Techonomy draws its inspiration from the ‘creative capitalism’ of Bill Gates, the ‘eco-pragmatism’ of Stewart Brand, the ‘big history’ of David Christian, and Bill Joy’s recent work on the economics of large-scale innovation. Each thinker in his own way points to a new humanism founded on the old notion that invention is what we do as a species. It is human nature to combine technology and economy to solve problems – to do so is both an opportunity and a responsibility. It’s who we are, and the only way we’re going to get to any solutions.

So here is what techonomy promotes: a rational, optimistic, forward-looking, technically savvy work ethic that celebrates technological achievement, human ingenuity, and sustainable living. Techonomic thinking is suited not only to inventors and entrepreneurs but also to people who work in major forward-looking institutions – Google, say, or McKinsey, or the Department of Defense, or the Federal Reserve. Indeed, the scale and scope of the problems we confront makes them too big for individualism or entrepreneurship alone – they require fast action on a very large scale. Techonomy embodies an engineering can-do spirit and emphasizes solutions that scale up. Yet as a mindset it is equally suitable and essential for even the smallest enterprises.

Techonomy celebrates the notion that humanity can invent its way out of the messes it has helped create.

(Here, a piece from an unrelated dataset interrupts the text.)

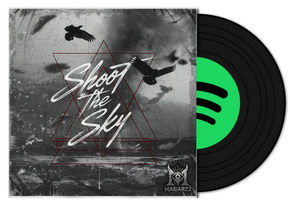 Listen to "Shoot The Sky" on Spotify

It also implies a social dimension that reaches beyond the rugged individualism usually associated with inventors and entrepreneurs. To overcome the entrenched interests that often stand in the way of the rapid implementation of newer, better solutions, we need not only clever physical innovations, but also social innovations that enable us to take advantage of and scale up technology’s potential. To bring about change on a meaningful scale, engineers and entrepreneurs must become, in effect, social engineers and social entrepreneurs, joining forces and using every available tool–such as internet-enabled social networking–to hasten change. Techonomic change is simultaneously top down and bottom up.

The implosion of the financial markets in 2008 and 2009 and the onset of deep recession blew holes in more than people’s pocketbooks. For the past 15 or 20 years we had looked to market forces to guide and reward our endeavors. Unleash those forces and heed the feedback they provide, the thinking went, and the market will deliver the greatest good to the greatest number of people. An entire generation trained itself to use market forces as its prism for understanding the world.

More....

[url=http://techonomy.com/manifesto/]Manifesto | Techonomy  Conference 2010[/url]

[url=http://techonomy.com/]Techonomy  Conference 2010[/url]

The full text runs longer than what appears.